● Provided records:
____

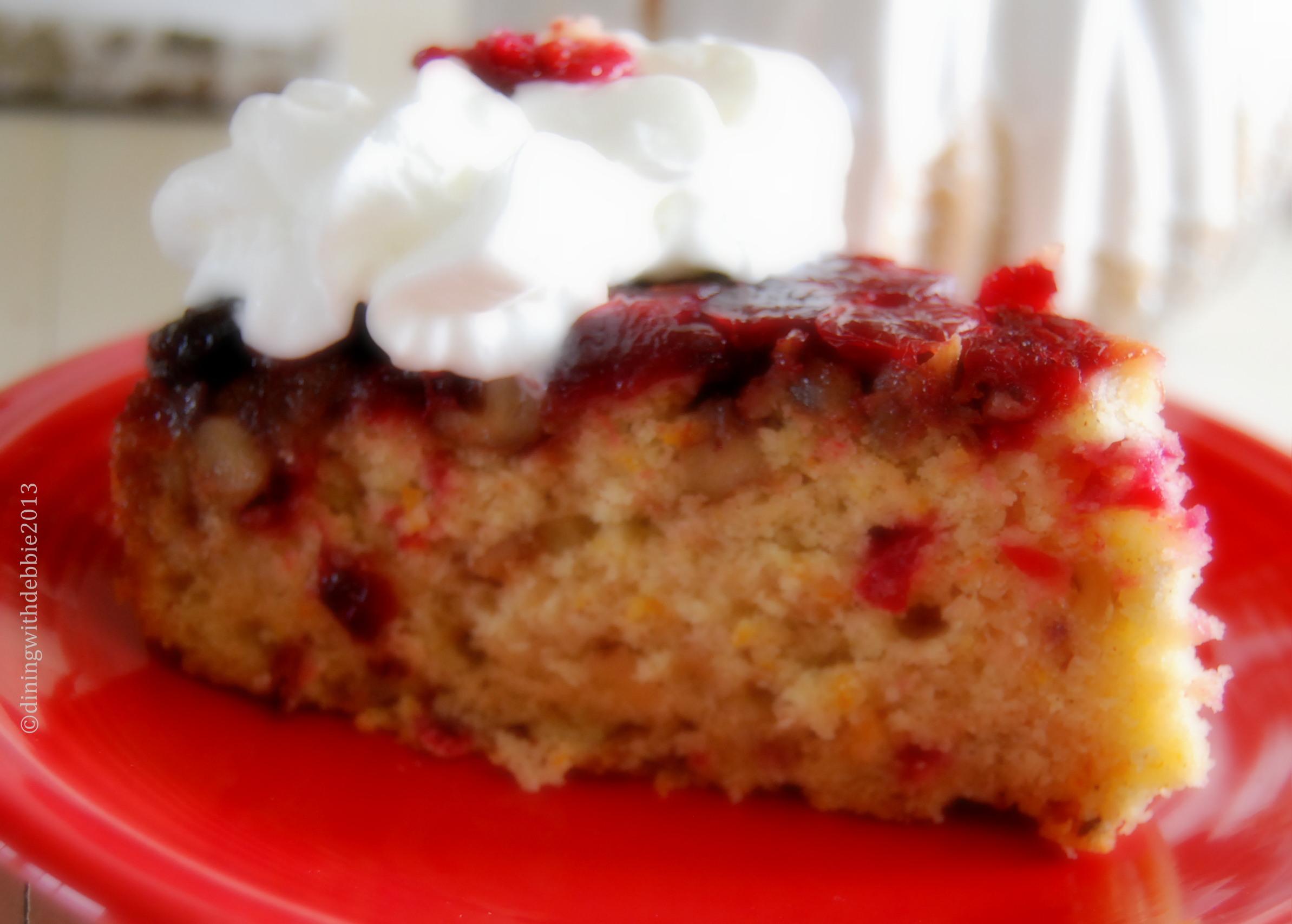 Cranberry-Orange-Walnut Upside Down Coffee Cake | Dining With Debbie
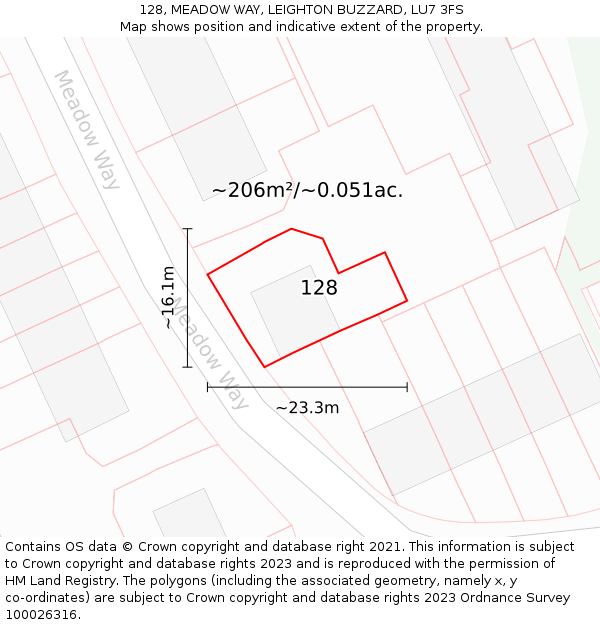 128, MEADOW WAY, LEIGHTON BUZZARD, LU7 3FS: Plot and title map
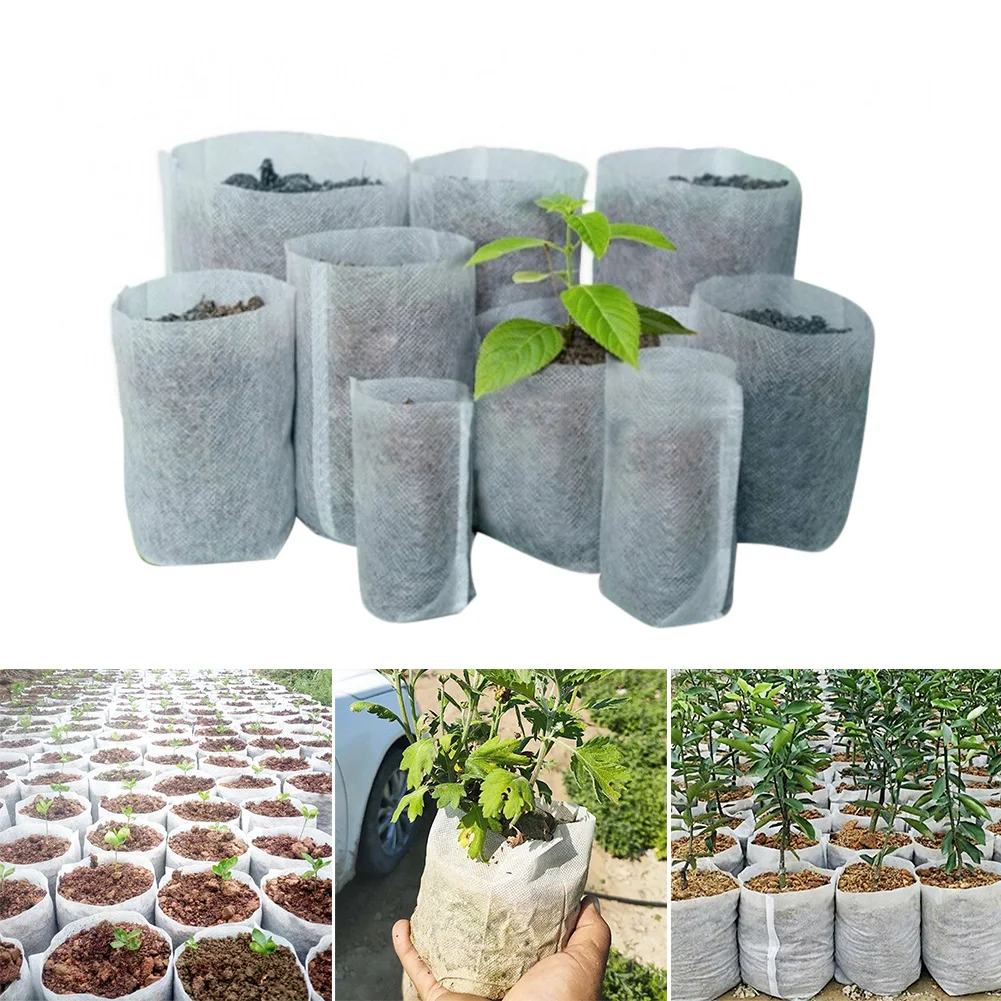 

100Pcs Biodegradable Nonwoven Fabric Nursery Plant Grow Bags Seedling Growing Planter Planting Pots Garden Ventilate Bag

____

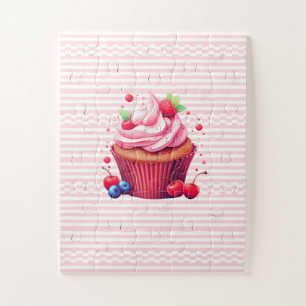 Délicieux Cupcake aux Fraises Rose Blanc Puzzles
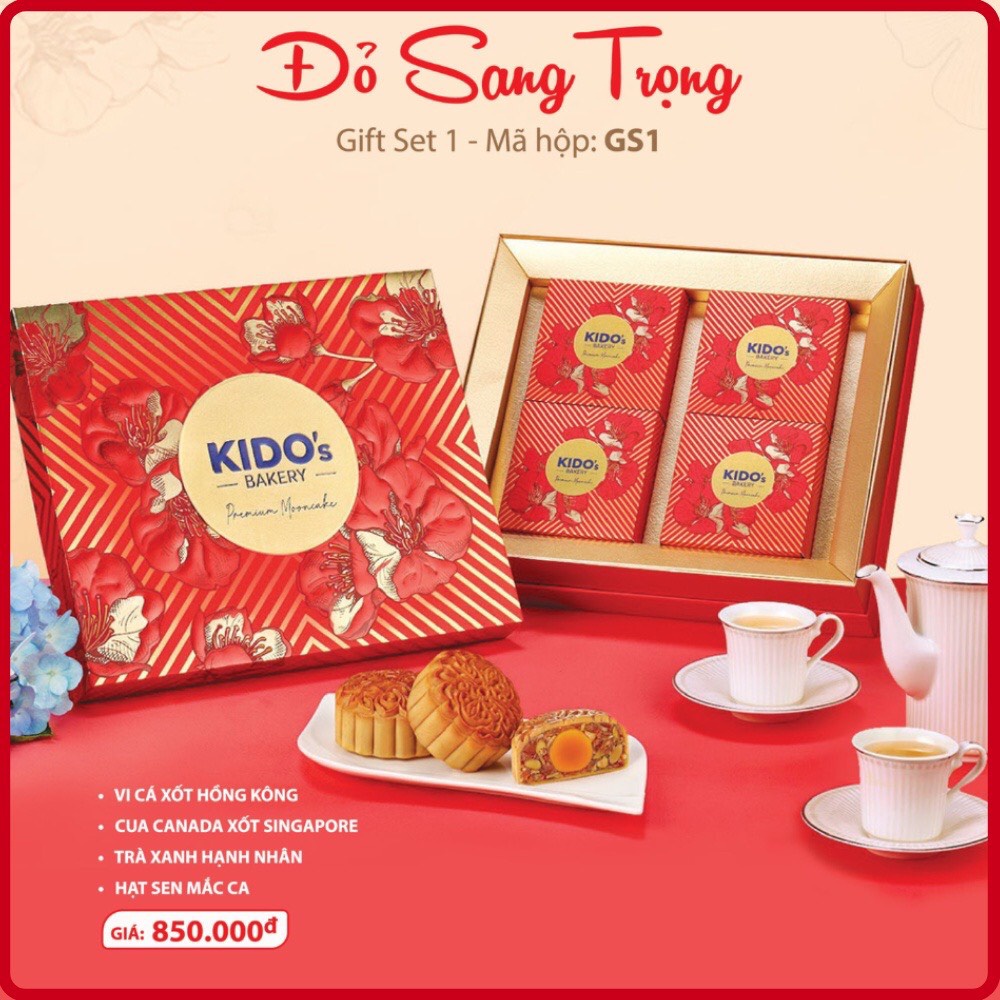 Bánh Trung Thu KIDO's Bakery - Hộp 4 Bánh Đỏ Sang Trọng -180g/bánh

____

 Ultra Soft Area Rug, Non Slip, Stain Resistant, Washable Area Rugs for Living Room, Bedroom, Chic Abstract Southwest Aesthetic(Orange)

____

● Exercise description:
Go down the entries above from the line containing "Cranberry-Orange-Walnut Upside Down" to the line containing "100Pcs Biodegradable Nonwoven" and write out each line exactly, leaving pictures out.

● Answer space:
 Cranberry-Orange-Walnut Upside Down Coffee Cake | Dining With Debbie
 128, MEADOW WAY, LEIGHTON BUZZARD, LU7 3FS: Plot and title map

100Pcs Biodegradable Nonwoven Fabric Nursery Plant Grow Bags Seedling Growing Planter Planting Pots Garden Ventilate Bag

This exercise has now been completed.